L’ultimo giocatore al tavolo è il mondo dell’informazione, principalmente locale, che partecipa alla partita con l’esclusivo intento di “alzare la posta” e dar vita alla mano perfetta. Il timore di chi scrive e, più in generale, di chi ha a cuore le sorti degli azzurri è che la partita sia truccata e che, quale che sia l’esito finale, non ci saranno vincitori ma solo sconfitti. Avrà perso la società perché tutta la querelle di queste settimane incide negativamente, oltre che sulle prestazioni dei calciatori, sulla programmazione per la prossima fondamentale stagione, con un mercato inevitabilmente bloccato dall’incertezza sul chi sarà a guidare la squadra. Avrà perso Mazzarri perché, per quanto i risultati del Napoli stiano lì a testimoniare in suo favore, al processo dei tifosi non tutti saranno disposti a giustificare i suoi, pur umani, tentennamenti, col rischio molto probabile di aver incrinato il rapporto idilliaco con tutto l’ambiente. Il calcio non conosce riconoscenza e non perdona “tradimenti”, anche quando non si è mai giurato amore eterno… (a Mazzarri va riconosciuto d’aver sempre usato un certo pragmatismo circa il suo futuro a Napoli). Il mio personalissimo auspicio è che non diventino i tifosi gli unici veri sconfitti della partita, vanificando tutto quanto i è fatto di positivo nel progetto di rinascita della squadra, spesso volano del riscatto della stessa città.
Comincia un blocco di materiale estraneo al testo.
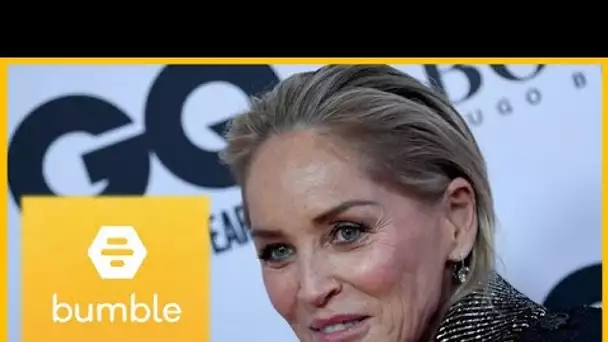 Sharon Stone a été bloquée d’une app de rencontre car personne ne croyait que son profil était vrai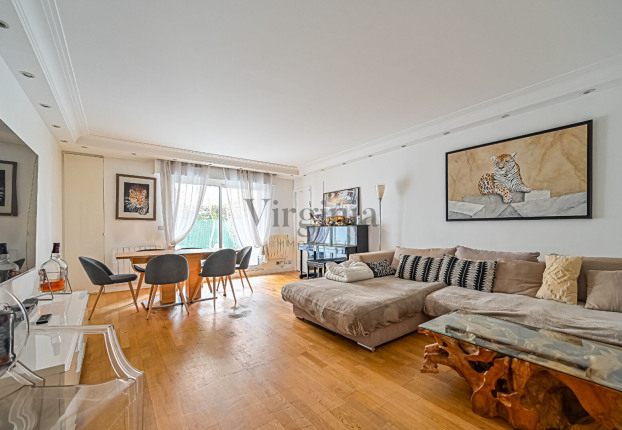 Appartement 4 pièces 86 m² · à Charenton-le-Pont · 86,3 m² · 900 000 €
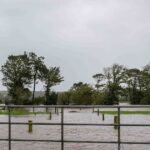 The floods will overwhelm Irish land. We can’t just sit back – The Irish Times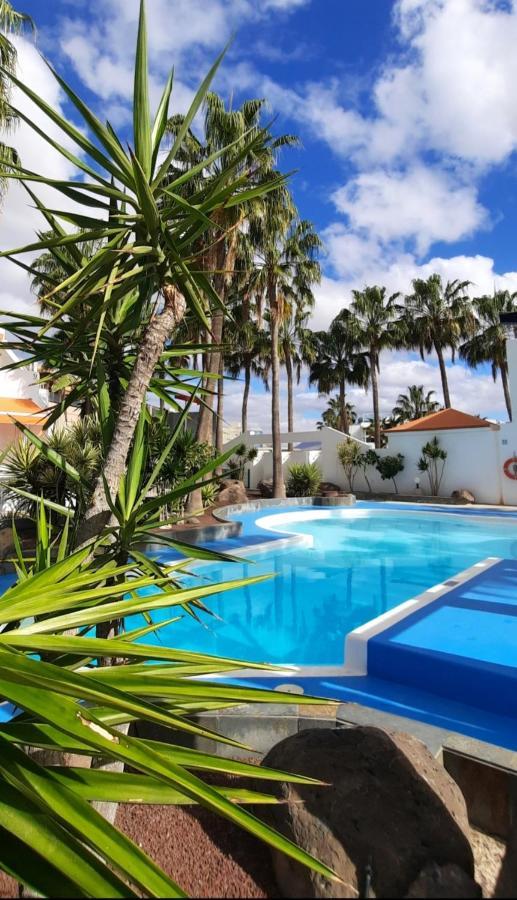 Casa Lidia Costa Calma Beach Exterior photo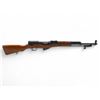 Image 1 : Chinese French Tickler SKS 7.62x39 Semi Auto Rifle 20" Barrel Wood Stock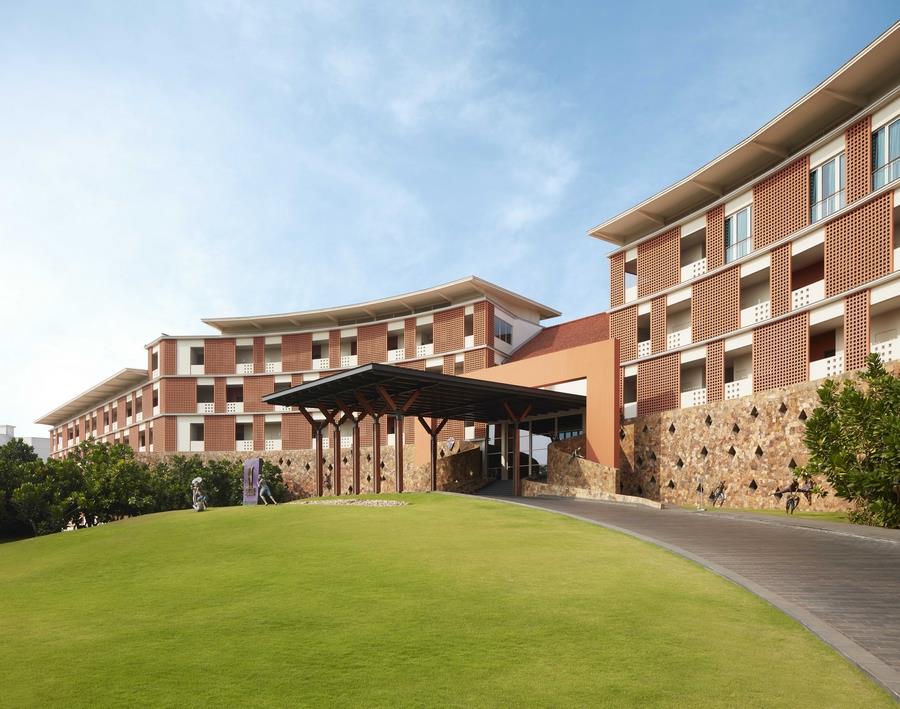 Heritance Negombo. Фото 4
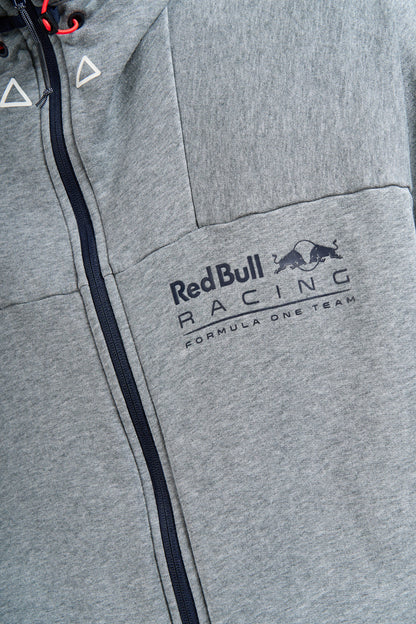 2010 F1 Puma x Red Bull Racing Track Jacket (L/XL)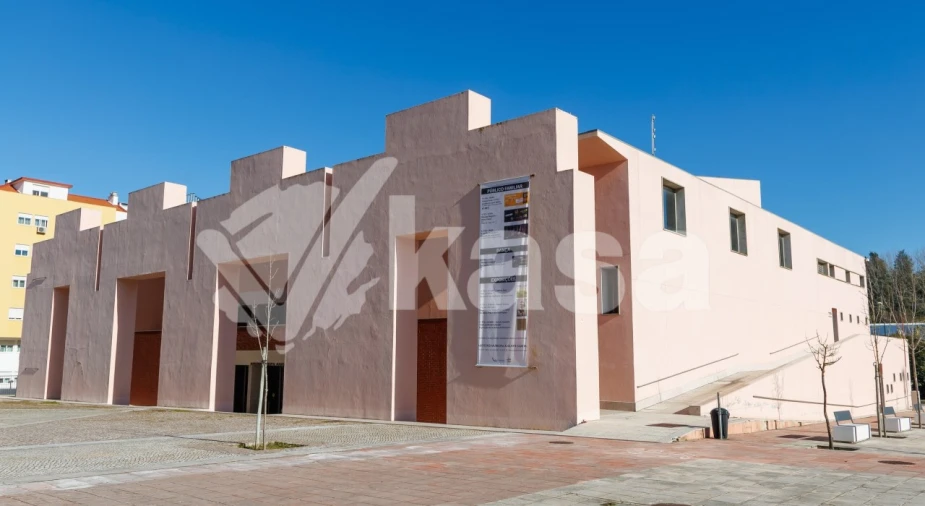 Apartamento T2 para Venda em Alto do Seixalinho, Santo André e Verderena Foto 15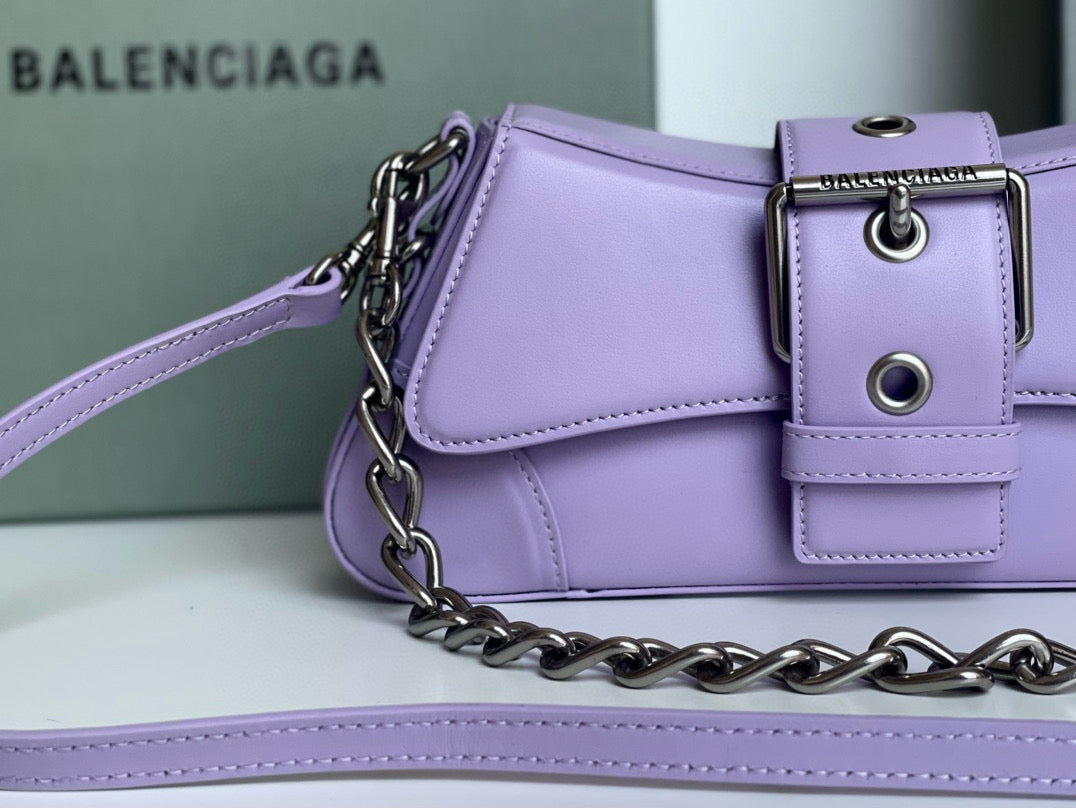 BLCG Lindsay Shoulder Bag(29x13x4.8cm)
Per la nostra rubrica “Amarcord” non posso esimermi dallo scegliere di ricordare con voi uno dei più bei successi del Napoli sull’Inter, prossimo avversario nell’ultima apparizione stagionale degli azzurri al san Paolo. Il 22 ottobre 1989 il Napoli che si apprestava a conquistare il suo secondo scudetto affrontava allo stadio di Fuorigrotta l’Inter di Trapattoni e del trio tedesco Matthaeus-Klismann-Brehme.
In una partita all’inizio molto tirata a rompere l’equilibrio fu il maggior tasso tecnico del trio sudamericano del Napoli guidato da Maradona e ben assistito dai brasiliani Alemao e Careca. La vittoria dper 2-0 edgli azzurri arrivò per mano dei due giocatori maggiormente rappresentativi di quel Napoli. Aprì le marcatore l’attaccante carioca con uno splendido destro a incrociare, dopo un pregievole scambio tra Maradona e Alemao; chiuse i conti proprio il Pibe de Oro con uno spettacolare colpo di biliardo che impietrì l’incolpevole portiere nerazzurro Malgioglio.
Mi auguro, come voi, che si torni presto a quei giorni, quando l’unico tavolo verde su cui si giocavano i destini del Napoli era il prato del San Paolo e tutti i giocatori si sedevano dallo stesso lato del tavolo.